And she went on at some length about Nell Healey's father, ending with, "I wrote him a note. I wanted him to know that I sympathize. I thought it appropriate."
The interview that had begun an hour ago with the appearance of a lover's display of grief seemed fast degenerating into a discussion of unemployment and politics. No. All of this talk suggested to Jury that Charles Citrine's high visibility was for Mavis Crewes something other than as a possible political candidate. She must have been ten years older than Healey. And was probably ten years younger than Citrine.
"Of course, it's lonely for him, I expect, living in that enormous place with only Irene. Calls herself Rena. Not much company, I shouldn't think, for a man with Charles's intellect. To tell the truth, in the last few years I think the sister has gone quite mad. Well, that sort of thing usually goes downhill, doesn't it?"
"Not uphill, at any rate. If you're speaking of a psychosis."

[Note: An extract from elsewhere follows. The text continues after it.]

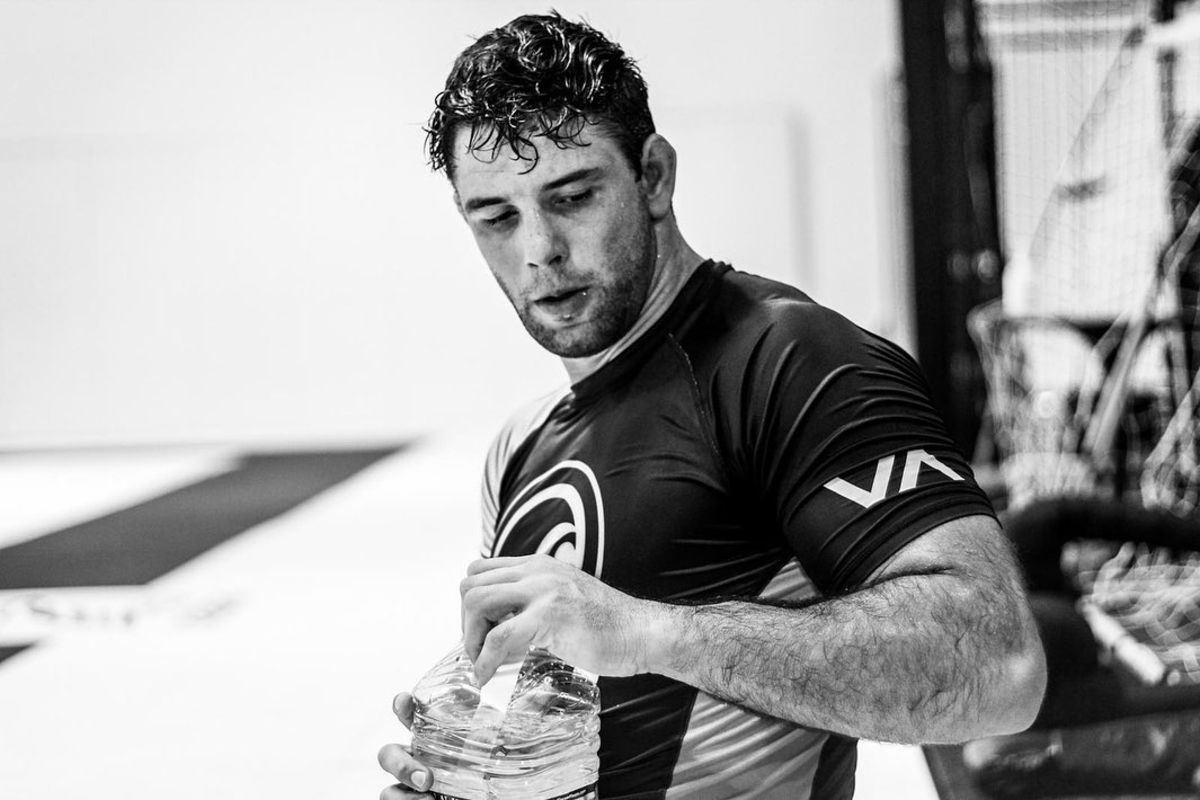 13-time Brazilian Jiu-Jitsu World Champion Marcus Almeida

"Charles excepted, I'd say the entire family's round the twist. God knows, Nell's testament to that." Having given over the Evian water to the whiskey now, she poured herself another glass, drank it off, topped it up, restoppered the bottle. "To tell the truth: I wonder if Roger didn't marry her for it. Money, I mean." She looked at Jury as if he might confirm this, since he'd been in the same room with Nell Healey, circumstances notwithstanding.

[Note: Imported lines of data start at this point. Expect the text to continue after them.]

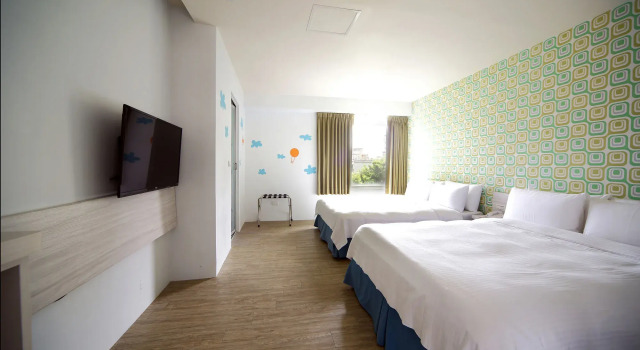 Hotel J Jiaoxi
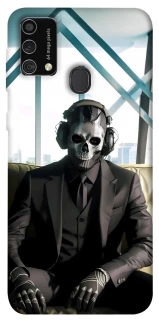 Чохол на Samsung Galaxy M21s Riley Ghost фото 1 з 1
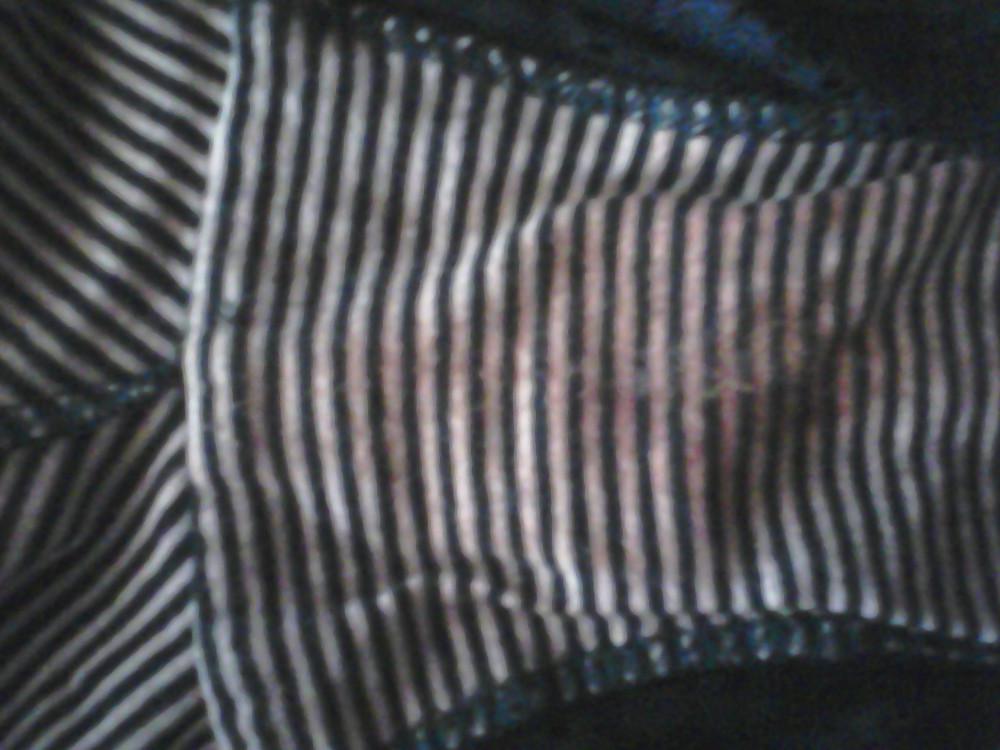 6P Coworker's Dirty Panties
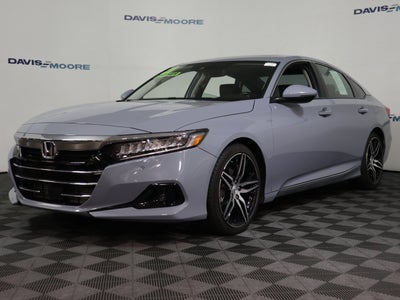 2021 Honda Accord Sedan Touring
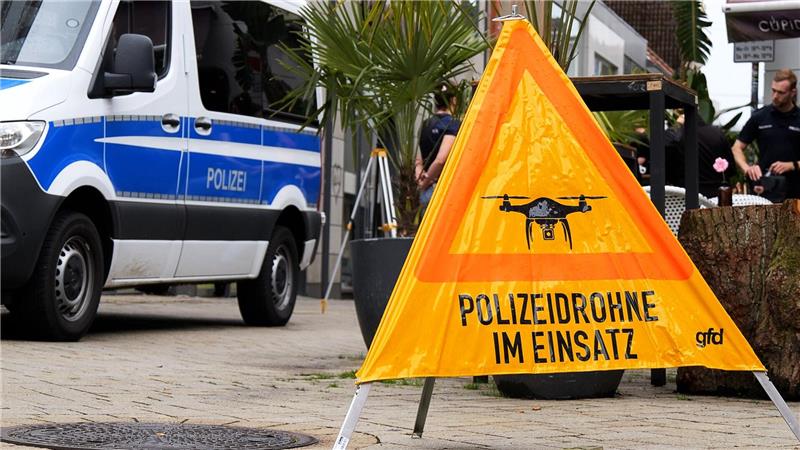 Tödliche Polizeischüsse: Ermittler erstellen 3D-Tatortmodell Ein 3D-Modell soll helfen, die tödlichen Polizeischüsse in Oldenburg aufzuklären.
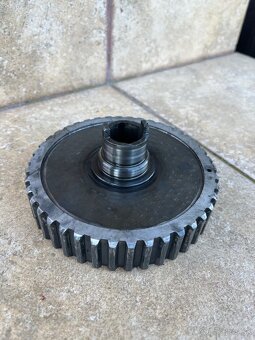 Dvojkový bubon Babetta 210 - 2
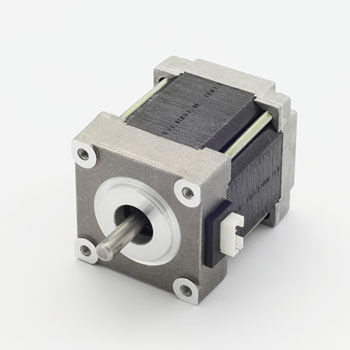 Motor de alto par - SHS 39/200-3000 - MICROSTEP GmbH - paso a paso híbrido / DC / de precisión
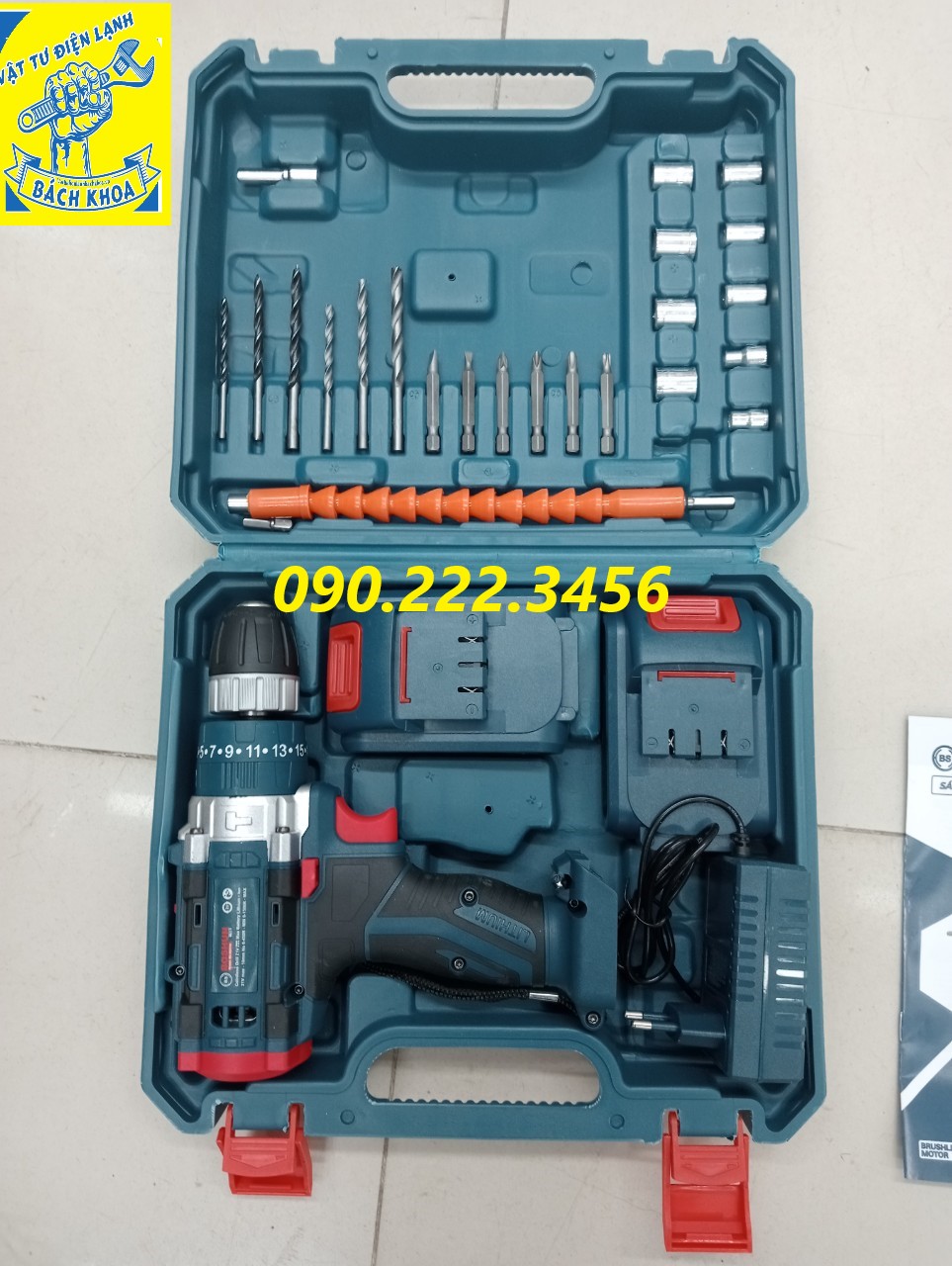 MÁY KHOAN BOSHUN BS-ID2110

"It's not uncommon." His smile was a little icy. "But couldn't he have loved her?"
She tossed back the whiskey. "What was there to love except money? Oh, she's not unattractive, but…"
Jury gave a slight headshake. Perhaps she really believed it. "What happened to Mr. Citrine's wife? Nell Healey's mother?"

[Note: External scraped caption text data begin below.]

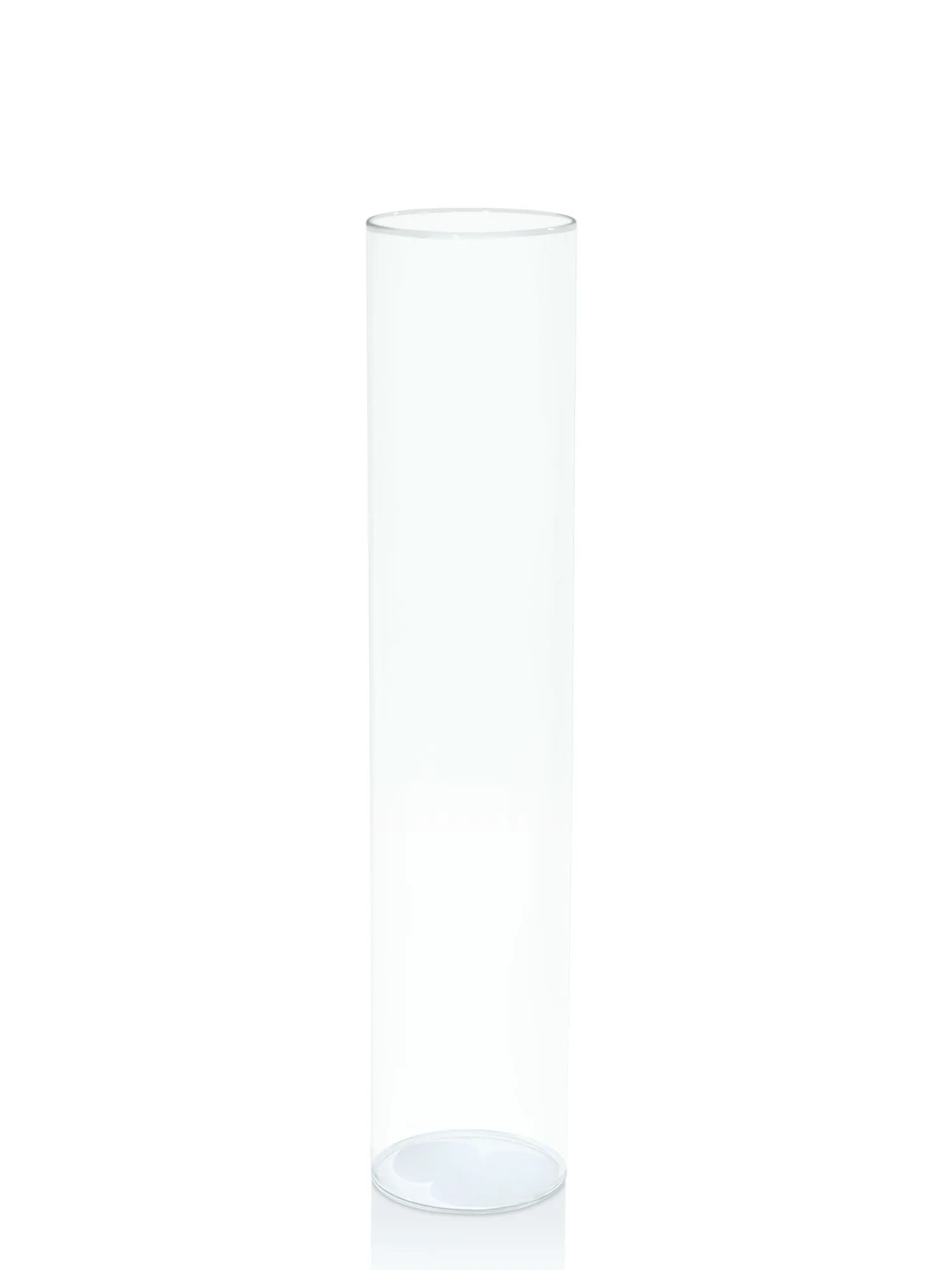 Open End Candle Shade - 8x40cmH (for Ophelia candleholder)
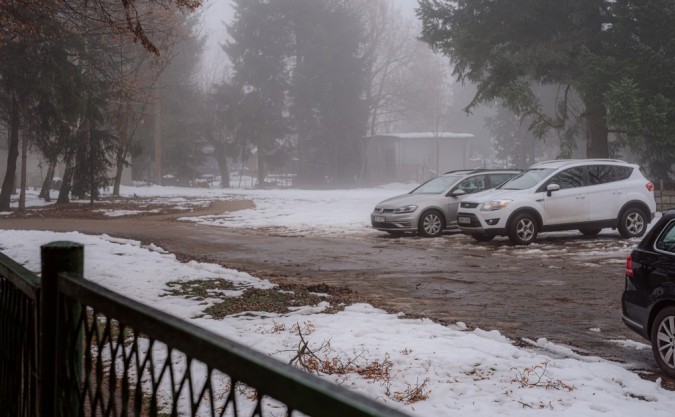 Myślenice. Parking wielopoziomowy tu nie powstanie. Może park. Planów brak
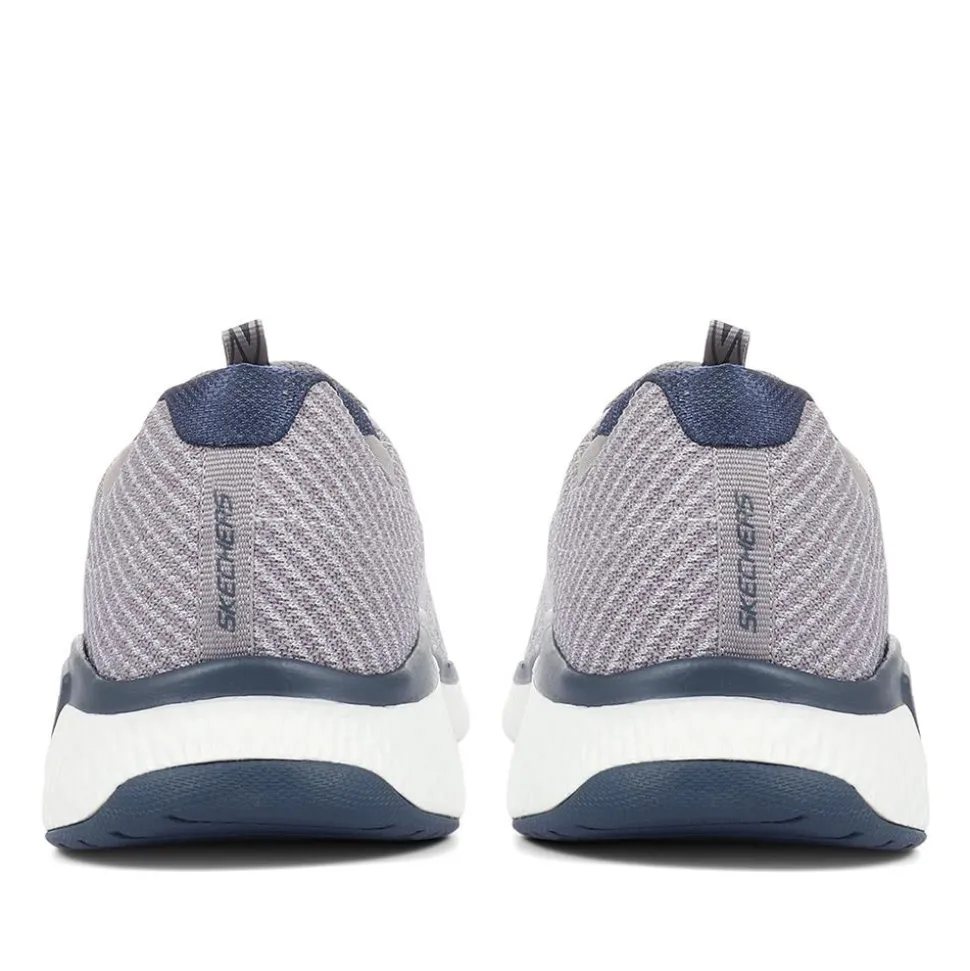 Solar Fuse Kryzik Lace-Up Trainers - Grey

"Dead." Beneath the tan, there was a rosy flush. "Charles is a widower-" Then she must have seen the implication of this and went hurriedly on to say, "It was probably a blessing that she never lived to see this."
With that hackneyed sentiment, even the cockatoo screeched.
6
The most celebratory activity on New Year's Day had occurred when a sybaritic gang of children from the nearby market town of Sidbury had come to Long Piddleton and somehow gained entrance through the back of the Jack and Hammer, to steal up the stairs to the box room on the first floor. From here they had wriggled out on the beam, dismantled the blue-coated, mechanical Jack, and the lot of them carted the wooden figure back to Sidbury. This had happened three years ago, and it had happened again three nights ago. To hear Dick Scroggs talk, the Sidburyites were only matched by the Newcastle football fans for pure rowdiness.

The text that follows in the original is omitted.